To the Editor:
Thanks for the insightful set of reviews on white supremacy in America in your Sept. 6 issue: Jon Meacham’s historical essay on Southern white intellectuals such as Edward Alfred Pollard and David W. Blight, Walter Isaacson’s review of Edward Ball’s “Life of a Klansman” and Susan Neiman’s review of Seyward Darby’s “Sisters in Hate.” These reviews clearly and convincingly demonstrate that white supremacy is far from being monolithic. Whiteness is experienced differently across time and space in the United States. Each in their own way, the three reviews eloquently describe problematic realities of white supremacy in America but simultaneously humanize both the authors and their subjects.

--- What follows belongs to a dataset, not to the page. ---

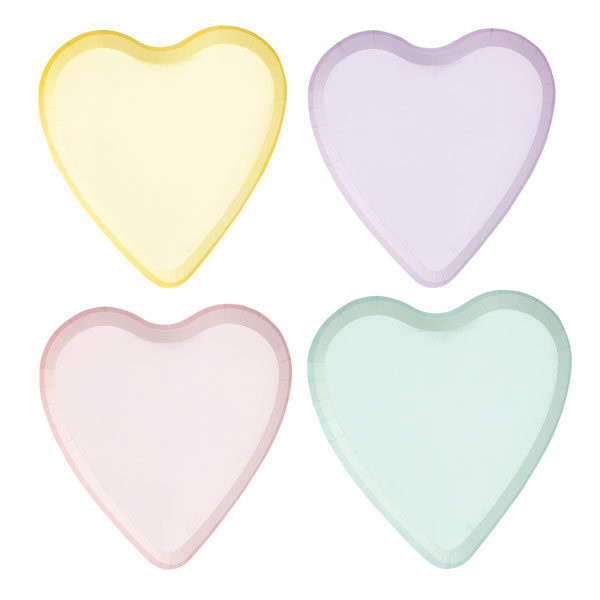 Πιάτα χάρτινα 17x18 εκ Σχήμα Καρδιά Candy Hearts / 8 τεμ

I strongly believe that this kind of interpretive engagement and human understanding must also be consistently applied to the struggles of people of color, past and present. In the context of our current need for racial healing, humanizing ourselves and others, no matter what the particular racial or ethnic identity, will go a long way.
Las Cruces, N.M.
Contemplating the End
To the Editor:
Anthony Doerr, in his Sept. 6 review of two books by scientists, quotes Sara Seager replying to a question from the House Committee on Science, Space and Technology in 2013 on whether there is life elsewhere in the universe: “Do the math.”
Doerr, and implicitly Seager, say it “isn’t all that complicated.” But it is. Until we have a clear understanding of exactly how life arose on Earth, or alternatively observe it elsewhere in space, we just don’t know how probable life arising is. There might be a quintillion planets theoretically hospitable to life, but if the odds of any planet having life are 10-quintillion-to-1 against, there would be only a 10 percent chance of our not being alone. We can guess, but as of now we cannot do the math. More reason to be kind to life here.
Michael H. Goldhaber
To the Editor:
James Gleick’s Sept. 6 review of Katie Mack’s “The End of Everything: (Astrophysically Speaking)” is generally fascinating and elegant and worthy of the subject. He should have, however, resisted the temptation to wander from physics into metaphysics and from science into scientism. Early in the review, Gleick mentions that “traditional speculation about the end times” came “from religion.” That much is right. But he then ends the review with a paragraph that begins: “It seems safe to say, though, that any meaning and purpose will have to be found in ourselves, not in the stars. The cosmic end times will bring no day of judgment, no redemption.”
Astrophysics is important and instructive. But persons of faith can still reasonably put their hope in a God who is not bound by mathematical equations or the natural processes that, in many believers’ view, are themselves sustained in their ordinary course by God’s own desire.
Mack’s book also briefly contrasts scientific extrapolation with religious eschatology. But her discussion is more modest and self-aware. Unlike Gleick, who pronounces what should be for all of us “safe to say,” she just reports that she’s always been drawn to questions she could answer with “scientific observation, mathematics and physical evidence.” Hence her subtitle’s caveat “Astrophysically Speaking,” which Gleick should have pondered more seriously.
You Can Take It With You
To the Editor:
Like John Cleese in his Sept. 6 By the Book interview, I, too, wish to have all my unread books buried with me. But given current purgatorial customs and immigration rules and wait times, I have decided to narrow my list to three weighty tomes: “Classic American Crime Fiction of the 1920s,” “The Black Lizard Big Book of Black Mask Stories” and “The Best American Mystery Stories of the Century.”
Sadly, local rabbis and my closest funeral home told me I could not be accompanied by books: You must leave this world as you entered it. But they did offer an unsatisfactory alternative. A scholar who passed just before his latest book was published had the manuscript placed on top of his coffin.
When my farewell ceremony comes due, I implore Mr. Cleese to provide a suitable Pythonesque distraction, so my bibliofriends can slip my chosen books into my last book depository.